No Shortcut to Change asks the pressing question: why are we still so far from gender equality, even after state and intergovernmental attention for almost four decades? A central part of the answer, Kara Ellerby explains, is that the current discourse around gender equality is fundamentally flawed. In many state and interstate contexts, discourses of "gender equality" have become conflated with "women's inclusion." This slippage is predicated on the idea that global gender equality represents nothing more than an "add women and stir" mentality that safeguards the structure of patriarchal power from any further scrutiny once some women are allowed to enter it.

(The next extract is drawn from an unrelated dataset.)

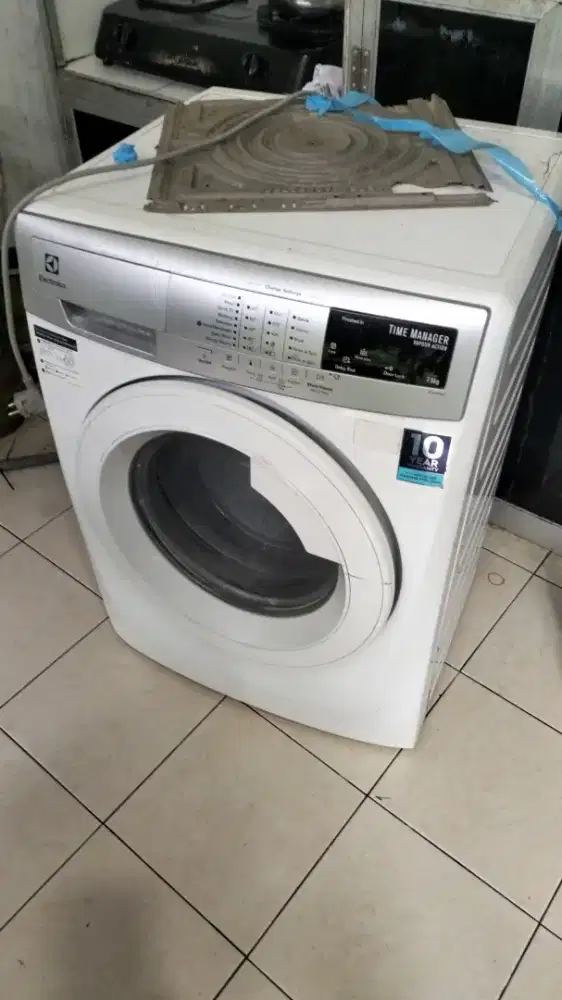 Jual mesin cuci Electrolux 7,5 kg Electrolux minus gagang patah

The book traces the effects of conflating "women" with "gender" on a series of policies that have framed state and intergovernmental approaches in the last half century: quotas to increase women's participation in electoral and appointed government positions; the removal of economic barriers to employment, inheritance, and property ownership; the adoption of policies and laws that specifically prohibit domestic violence, sexual harassment, and violence against women. Although Ellerby does find merit in the project of increasing women's inclusion in powerful governance institutions, she exposes, through both quantitative data and an analysis of state, NGO, World Bank, and United Nations-produced position papers, the limitation of inclusion as the sole mechanism for achieving gender equality. Policies of these institutions have not translated into a more equal world between men and women partially because the resulting programs suffer from poor implementation, even if they are legislated. Moreover, since it is impossible to legislate informal beliefs and assumptions, women's power and authority tends to be significantly circumscribed in these institutions. Perhaps most important and most overlooked by these institutions is that treating gender as a simple variable has deeper consequences: in many cases, "gender is a technocratic 'shortcut' to acknowledging women's subordination without deeply interrogating its structural causes" (18). Without interrogating these causes, many of the widely adopted women's inclusion techniques further entrench essentialized and binary understandings of gender, which, as feminist and queer theorists have argued for decades, themselves form a central component of the violence of gendering. In other words, Ellerby exposes how many institutional attempts to challenge at least some aspects of normative gendering end up, perhaps despite themselves, reinforcing the very logic they seek to contend.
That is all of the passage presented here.